A startling new report in The Independent (UK) by respected journalist Patrick Cockburn suggests that a U.S. airstrike may have unnecessarily killed more than 100 members of an ostensibly peaceful Iraqi religious cult.

Cockburn, a veteran foreign correspondent reporting from Iraq, wrote that the official story of the deadly Jan. 28 clash outside the city of Najaf, between a shadowy Iraqi cult and Iraqi security forces supported by the U.S., may be a “fabrication.” The journalist said that, reports by the Iraqi government and in the U.S. media to the contrary, the cult members had been engaged in a peaceful pilgrimage when a violent incident involving Iraqi security forces outside the city gates snowballed into the cult’s annihilation by U.S. aircraft.
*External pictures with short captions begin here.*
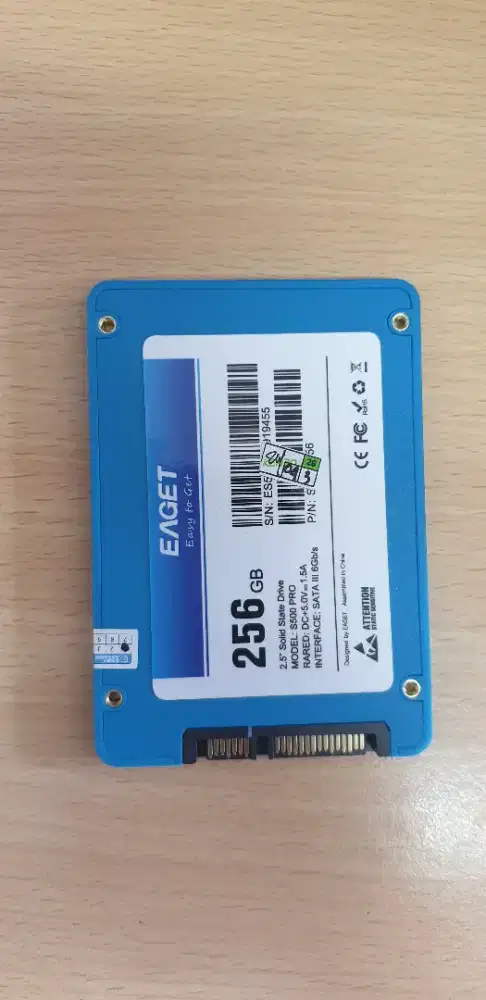 JUAL SSD 256 KONDISI BARU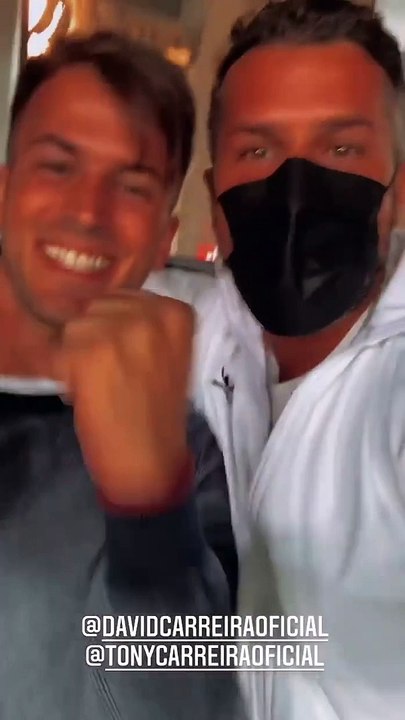 Tony Carreira com os filhos David Carreira e Mickael Carreira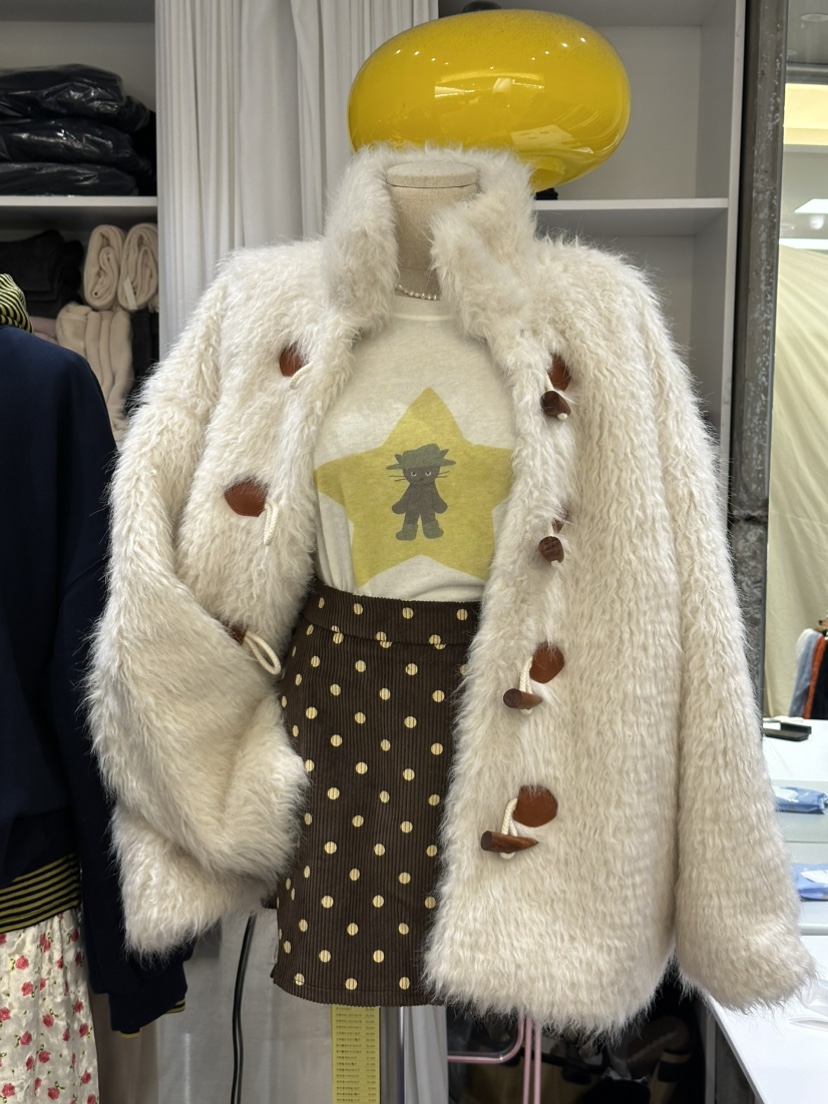 ARCHIVE-P東大門㊣代購女裝新款推薦真品25秋冬時尚短款大衣ARCHIVE-P短款大衣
Cockburn based his assertion on independent Iraqi newspapers and websites. He acknowledged that competing accounts could not be substantiated.

This complex tale is best told by Cockburn (click here).

The very complexity of the account drives home a central point: What the U.S. national media originally reported as a model example of Iraqi security forces partnering with U.S. forces to combat insurgents was in fact a still poorly understood set of events that bodes poorly for the U.S. mission in Iraq: As in Vietnam, where U.S. forces often could not distinguish friend from foe, U.S. forces find themselves unleashing horrific weapons of war against a populace whose language and cultural markers they are largely ignorant of.

Indeed, if the story continues to develop along the lines that Cockburn’s story suggests, this battle — the deadliest single-day clash since the U.S. invasion — may become a touchstone of America’s deadly incompetence in the region, no less important, in its own way, than the U.S. massacre in My Lai during the Vietnam War.

We at Truthdig tip our hat to Cockburn for being the first Western reporter to tie together the strings of this story.